News Analysis: Mixed grill as Nigeria signs the AfCFTA

Aliu Akoshile
President Muhammadu Buhari yesterday in Niamey signed the African Continental Free Trade Area (AfCFTA) agreement, making Nigeria the 53rd country to endorse the pact.
Expectedly, Nigerian leader’s signature was the cynosure of all eyes at the 12th extra-ordinary summit of the Assembly of Heads of State and Government of the African Union held at the Nigerien capital.
With Benin Republic also toeing Nigeria’s line and signing as the 54th country, it was only Eritrea that had yet to formally append the 67-page multilateral trade document out of the 55 African Union member states.
Targeted at achieving 15 broad objectives that have been sub-divided into eight general and seven specific, the AfCFTA agreement will be executed in two phases.
The phase one, whose scope covers trade in goods and trade in services, has already been ratified by the Assembly; while the phase two, which requires further negotiation on protocols, covers intellectual property rights, investments, and competition policy.
Baring any amendments, the phase two of the agreement will be presented at the AU General Assembly slated for January 2020.
No doubt, the AfCFTA is the most significant economic decision ever taken by the African Heads of State and Government since the formation of AU in Addis Ababa, Ethiopia, on 26th May, 2001.
Of course, African leaders in the 60s and 70s had the vision of a united and powerful continent based on the Pan-Africanist utopia of a single market, free movement and a single-currency.
It was this age-long dream that became a reality when the AfCFTA was signed in Kigali, Rwanda, on 21st March 2018 with Kenya and Ghana emerging as the first countries to deposit the ratification instruments on 10th May 2018.
With ratification by Sierra Leone and the Saharawi Republic on 29th April 2019, which gave the pact its enforcement threshold of 22 ratifying countries, the AfCFTA in real sense came into force on 30th May 2019.
Yet, Nigeria’s formal ratification yesterday, at the 11th hour, has elicited so much excitement across the continent as though it has just sanctified the signing done by other countries.
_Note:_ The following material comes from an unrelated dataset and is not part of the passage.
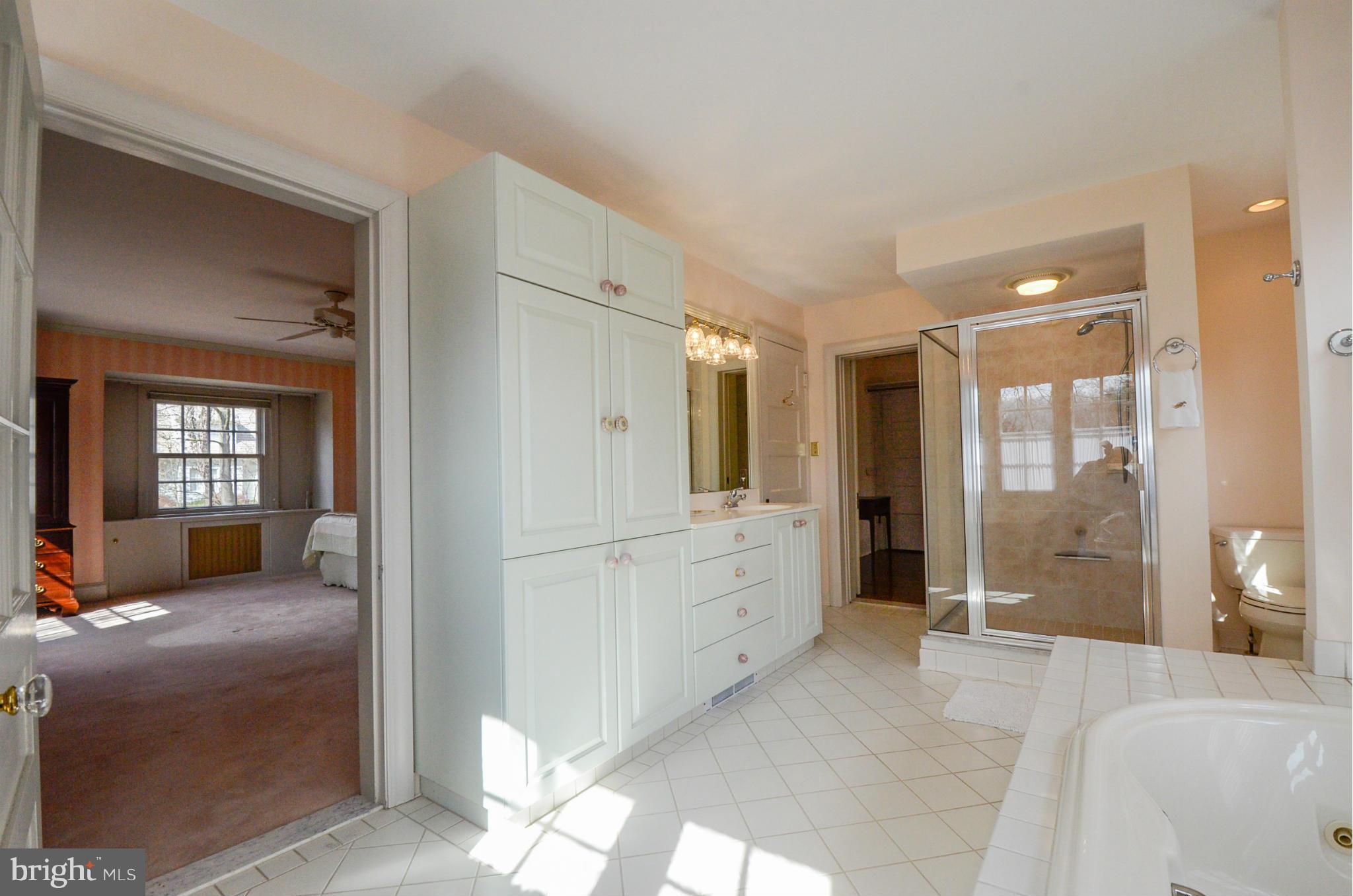 ROLAND PARK - Residential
This is understandable.
Nigeria is arguably African’s biggest market with about 200 million of the continent’s 1.3 billion people and a large chunk of the continent’s arable land as well as coastal assets, even if yet untapped.
Hence the initial foot-dragging over the signing of the free trade agreement cannot be divorced from the anxiety in official circles on the implications of the pact on Nigeria’s economy, especially the fiscal and monetary policies.
The Gross Domestic Product (GDP) in Nigeria was worth $397.30 billion in 2018 with its value representing 0.64 percent of the world economy, and a growth rate of 2.3 percent in 2019 and 2.4 percent in 2020.
Although Nigeria’s GDP is projected to be $500.00 billion by last quarter of 2019 and around $650.00 billion in 2020, it can even do much better if all stakeholders who supported Nigeria’s signing of the agreement also take steps to key-in into the expansive scope of the trade agreement.
If that is done, Nigerians must go ahead to take full advance of the opportunities presented by the continental free trade area to improve national earnings and improve the quality of life of the citizenry.
It is reassuring when President Buhari said that “Nigeria shall sustain its strong leadership role in Africa in the implementation of the AfCFTA.” No less is expected of the giant of Africa.